Image-caption web data
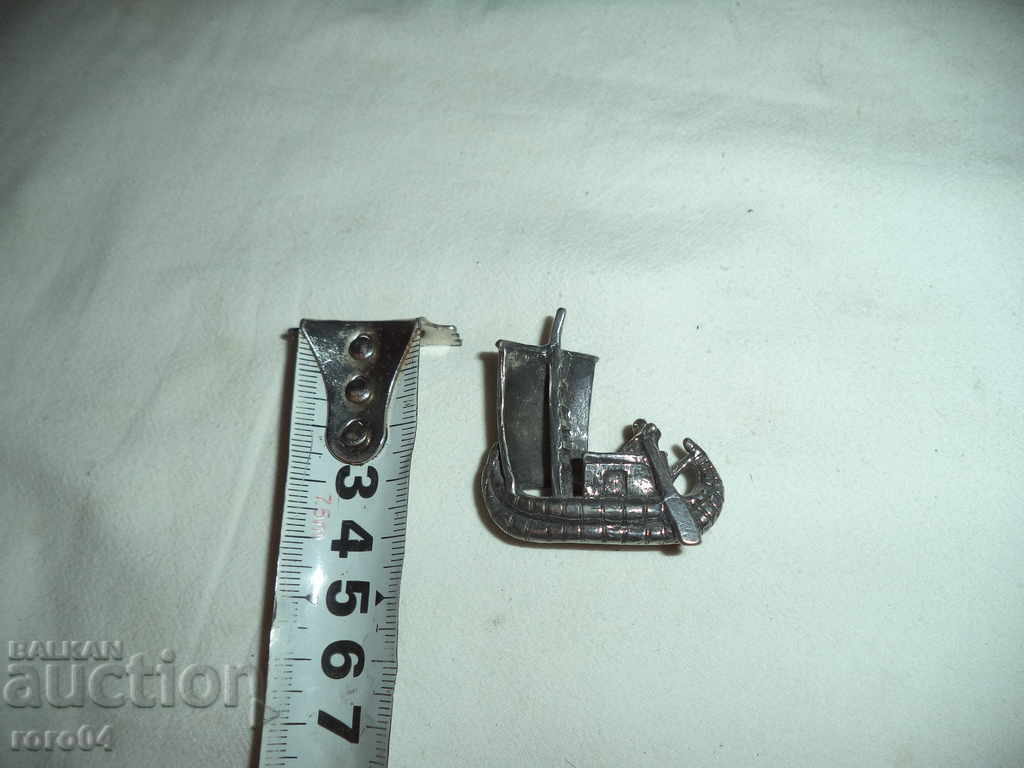 Auction STAR SMALL SCULPTURE - BOAT II - MARKED Auction STAR SMALL SCULPTURE - BOAT II - MARKED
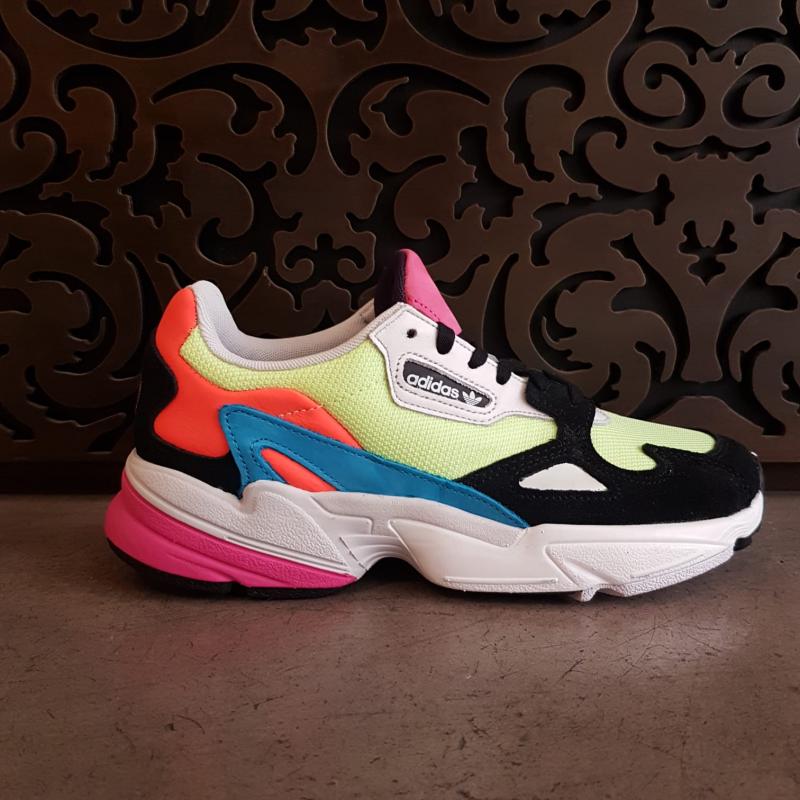 adidas falcon w cg6210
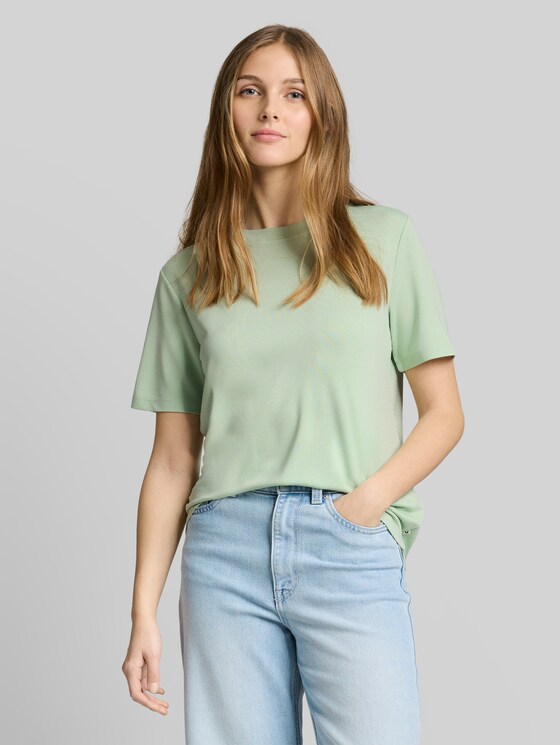 Loose-fit T-shirt - light matcha green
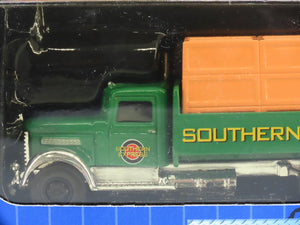 HO Scale IMEX Model Co. #870013 Die-Cast Southern Express Delivery Truck w/ Load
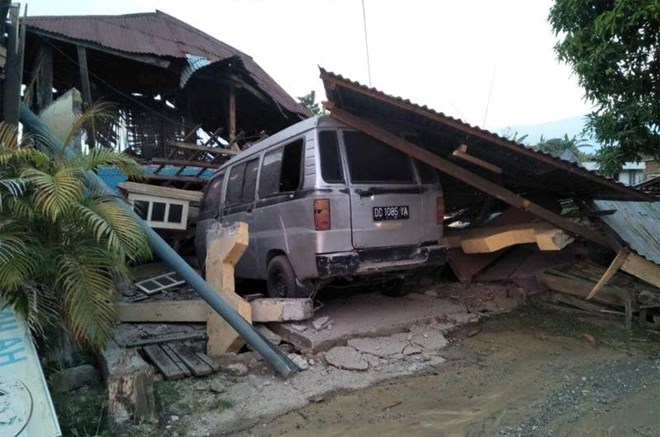 Một ngôi nhà bị hư hỏng sau một trận động đất tại Palu, đảo Sulawesi. (Nguồn: Reuters)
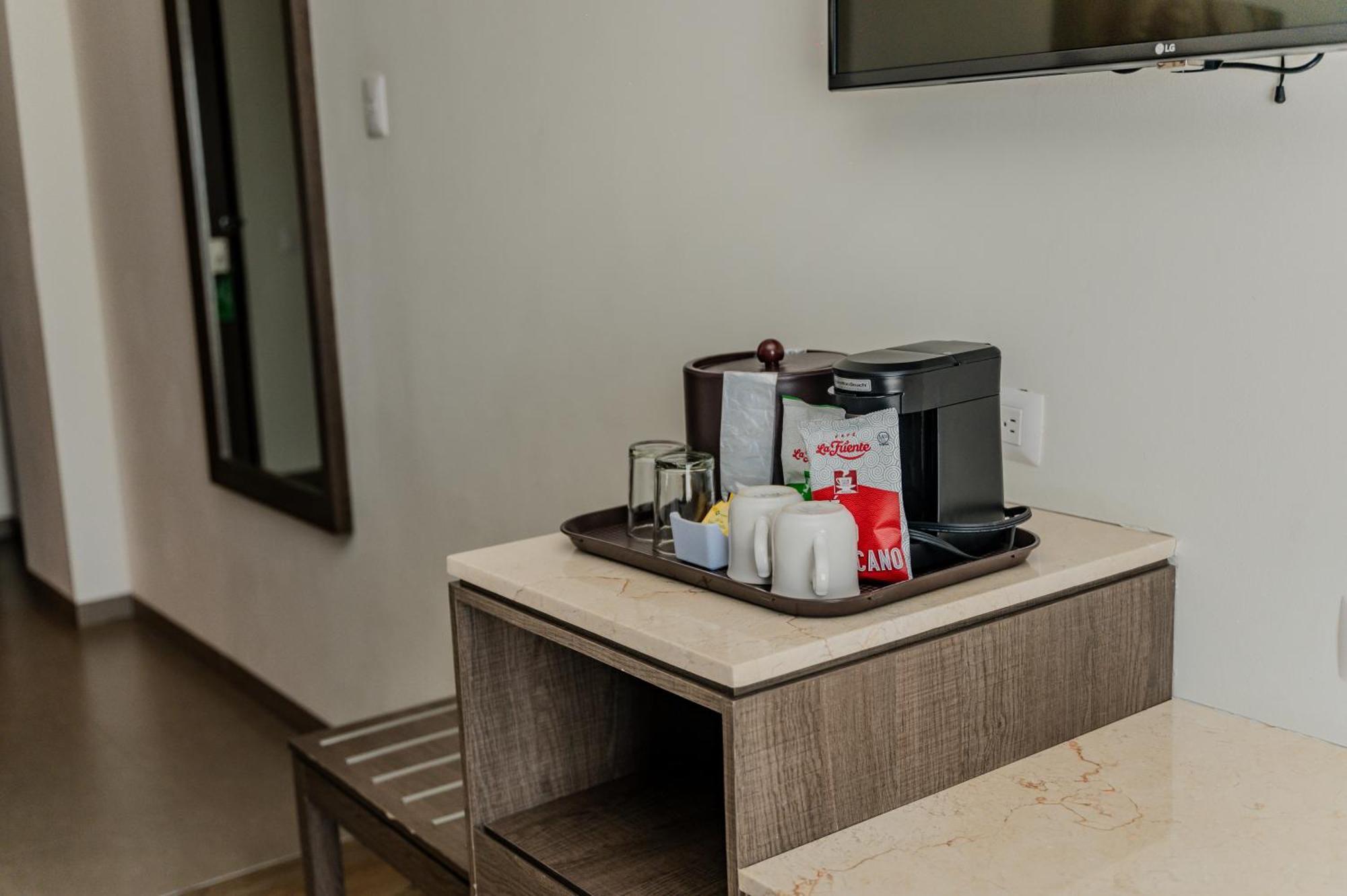Hampton Inn By Hilton Celaya Celaya  Phòng bức ảnh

Exercise description: Repeat each entry above exactly. Omit the pictures.

Result:
 Auction STAR SMALL SCULPTURE - BOAT II - MARKED Auction STAR SMALL SCULPTURE - BOAT II - MARKED
 adidas falcon w cg6210
 Loose-fit T-shirt - light matcha green
 HO Scale IMEX Model Co. #870013 Die-Cast Southern Express Delivery Truck w/ Load
 Một ngôi nhà bị hư hỏng sau một trận động đất tại Palu, đảo Sulawesi. (Nguồn: Reuters)
Hampton Inn By Hilton Celaya Celaya  Phòng bức ảnh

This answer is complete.